Exercise material:
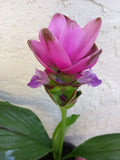 PINK Siam Tulip Plant Babies 2x - Curcuma Alismatifolia - Ginger Curcuma, Tropical Perennial Bulb Plant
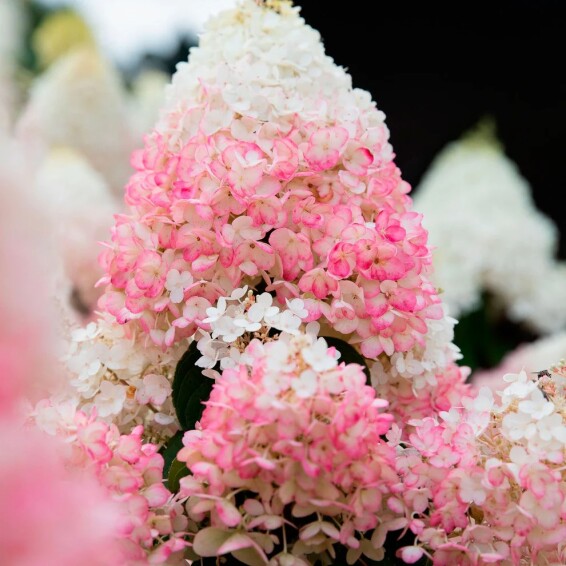 Гортензия метельчатая 'Strawberry Blossom' ® - 6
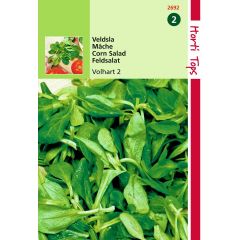 Saatgut Feldsalat Volhart 2 Hortitops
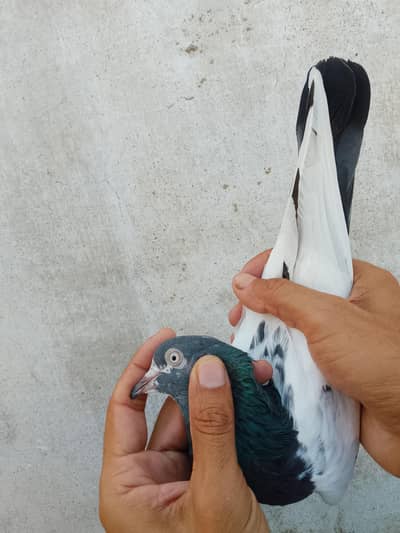pigeon for sale
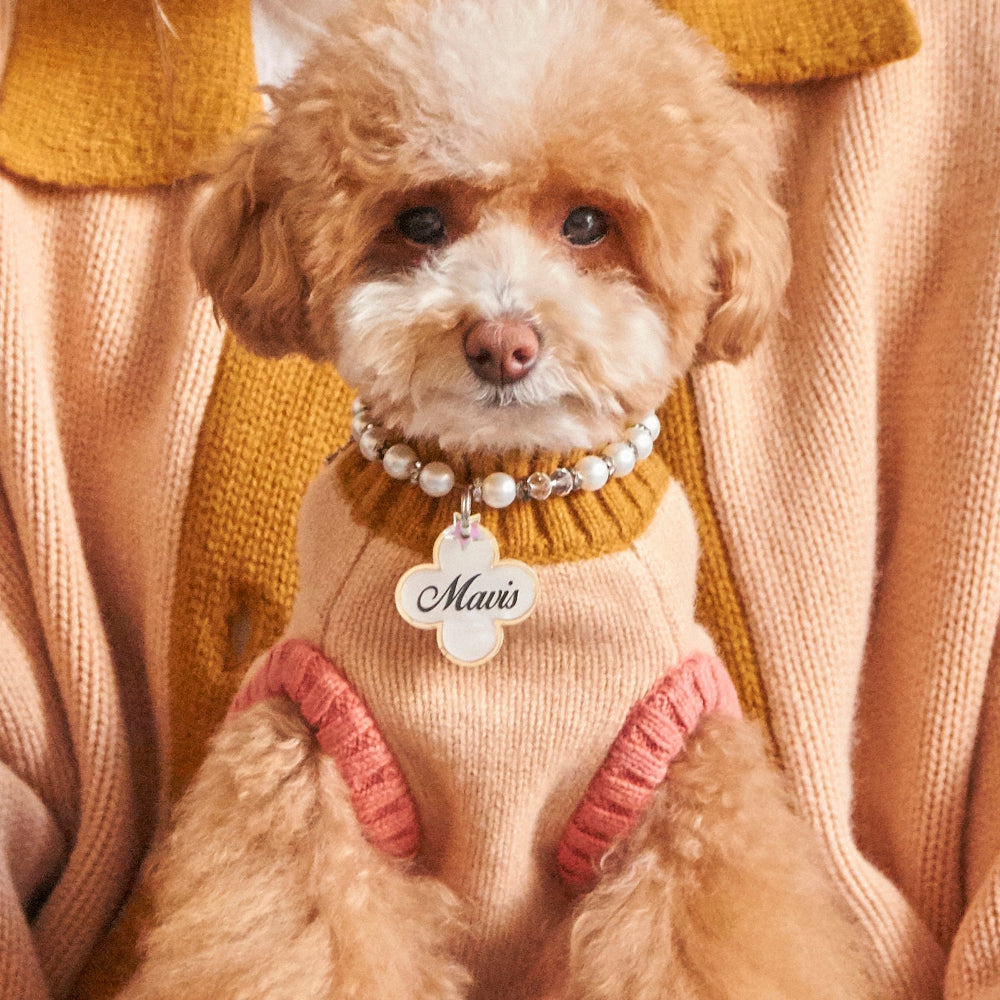 Small dog wearing a sweater with a pearl collar and name tag, sitting on a person's lap.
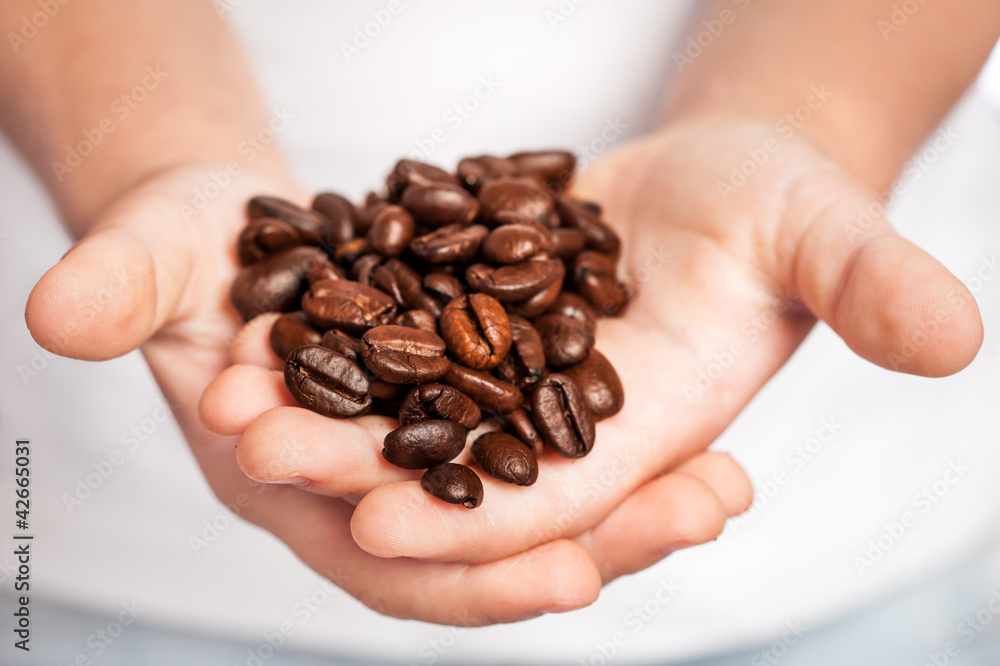 Coffee beans in children`s hands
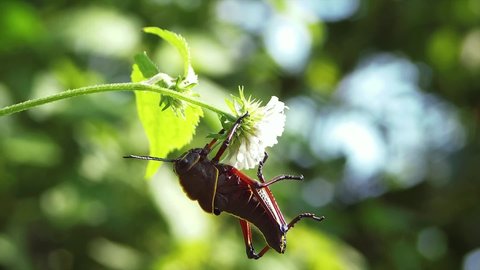A video of Stag beetle feeding on flower, Stag beetles is a family of about 1,200 species of beetles in the family Lucanidae, currently classified in four subfamilies. 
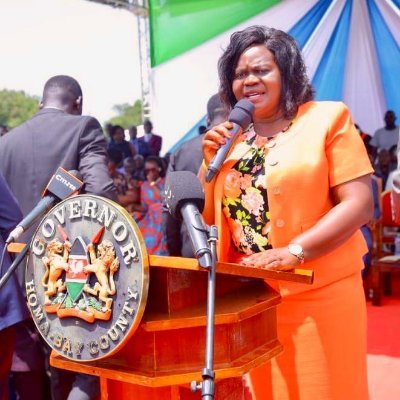 Office of the Governor, Homabay County Profile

Your assignment:
Exclude every picture, then return precisely the lines that run from the line containing "Small dog wearing" through the end of the entries above.

Solution for this problem:
 Small dog wearing a sweater with a pearl collar and name tag, sitting on a person's lap.
 Coffee beans in children`s hands
A video of Stag beetle feeding on flower, Stag beetles is a family of about 1,200 species of beetles in the family Lucanidae, currently classified in four subfamilies. 
 Office of the Governor, Homabay County Profile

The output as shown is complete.